What small, easy things can the average person do to start protecting their privacy today?
“Just do what you can without overburdening yourself. So, use #ProtonMail, use #Signal or #Threema, use #DuckDuckGo — these are very good alternatives. And whenever you can, say no to cookies.
@sergeant Solid advice 👍
@ilyess @sergeant When Protonmail sends you a notice that you have a msg waiting, there's apparently no way of knowing if the msg that's waiting is actually just an announcement from Protonmail themselves. So you could be forced through hoops like Protonmail's #CAPTCHA only to find spam waiting. CAPTCHA has ruined #Protonmail as far as I'm concerned. I wouldn't want to lead someone their CAPTCHA trap
@sergeant @ilyess #Signal is not a good recommendation either: https://github.com/privacytoolsIO/privacytools.io/issues/779 And #DuckDuckGo is also quite lousy: http://techrights.org/2021/03/15/duckduckgo-in-2021/
@sergeant @resist1984 you’re right. Unfortunately, as it stands today #Signal remains the best #privacy preserving messaging service out there for novice users. I’m thinking of users who just wanna put in their phone number and find all their contacts and start conversations, just like they did on Whatsapp.

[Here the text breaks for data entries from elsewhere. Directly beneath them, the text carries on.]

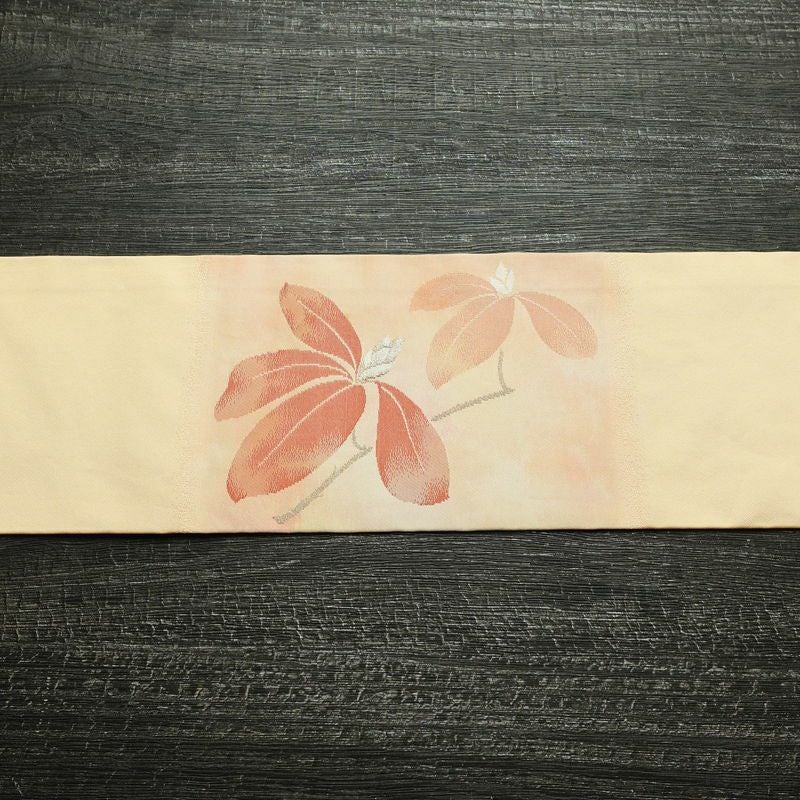 名古屋帯 太鼓柄 正絹 花柄 名古屋仕立て なごや帯 リサイクル帯 帯 金糸 シンプル オレンジベージュ 橙_画像14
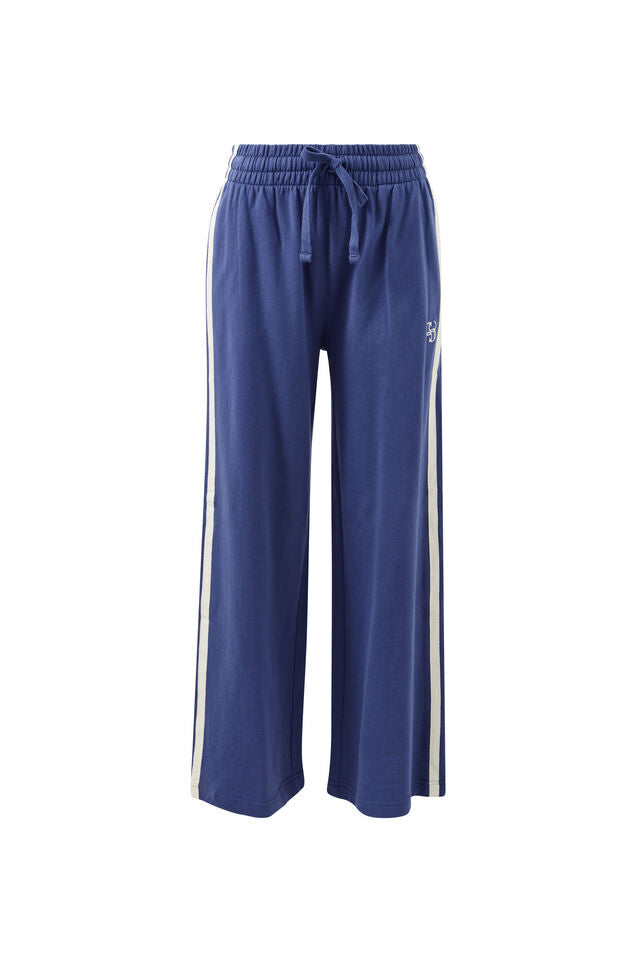 Gigi Wide Leg Terry Trackpant - Washed Navy Side Stripe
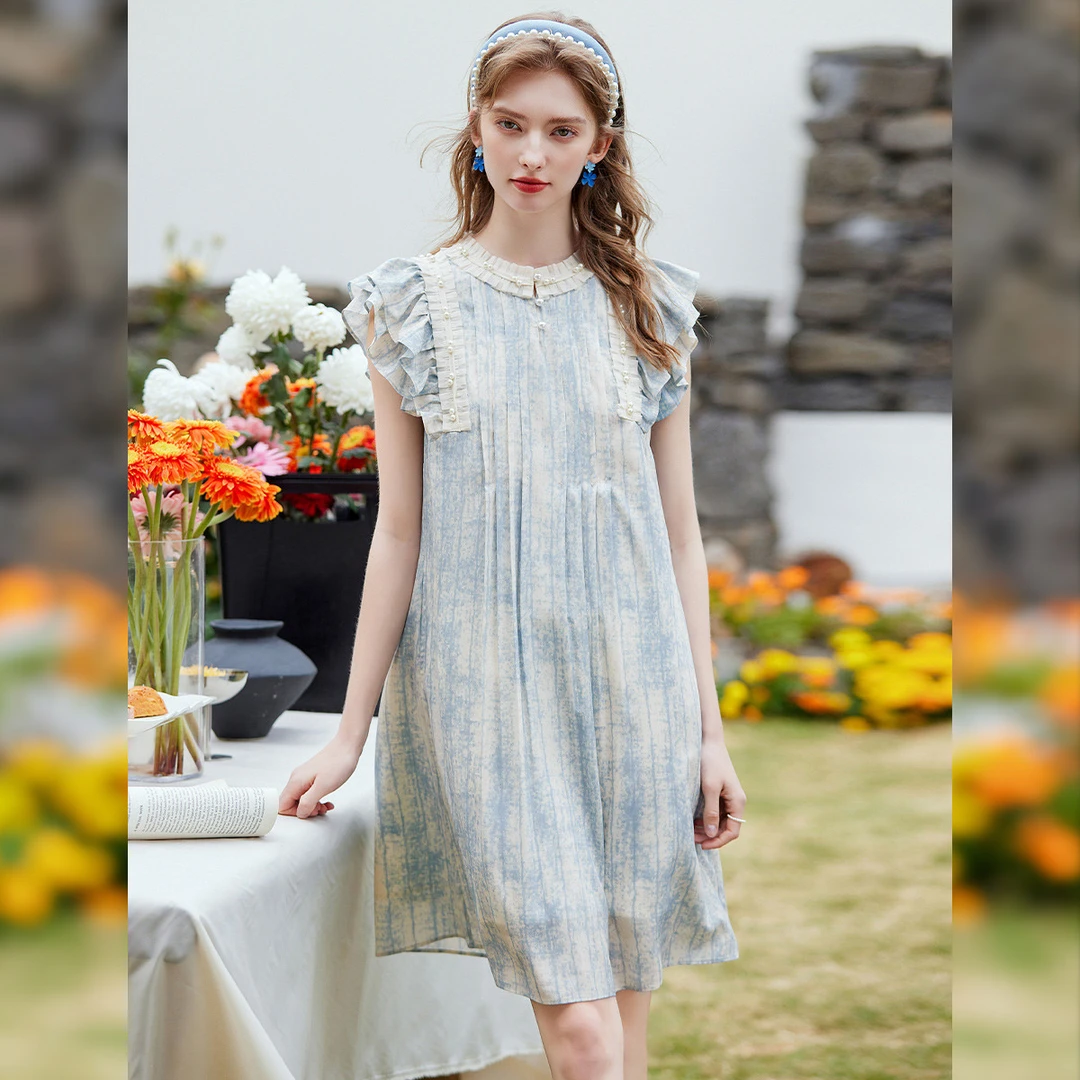 【商场同款新品】白鹿语双层钉珠压褶撞色女式连衣裙WYU20001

We might not all agree with Signal’s move to introduce crypto but we don’t have proof that it makes the messaging service less secure or less private.
@ilyess @sergeant The mobile phone number requirement makes #Signal less secure than #Wire, #Jami, #Briar, & #Snikket. It creates a large & unpredictable attack surface in addition to expanding threat agents from the cryptocurrency. The worst part is it pushes an ultamatim on people: get mobile phone svc (huge can of worms) or be excluded.
@resist1984 That depends on your threat model, right? I don't think requiring a phone number makes #signal less secure, it makes it not anonymous for sure but the cryptographic strength of the underlying Signal protocol remains state-of-the-art.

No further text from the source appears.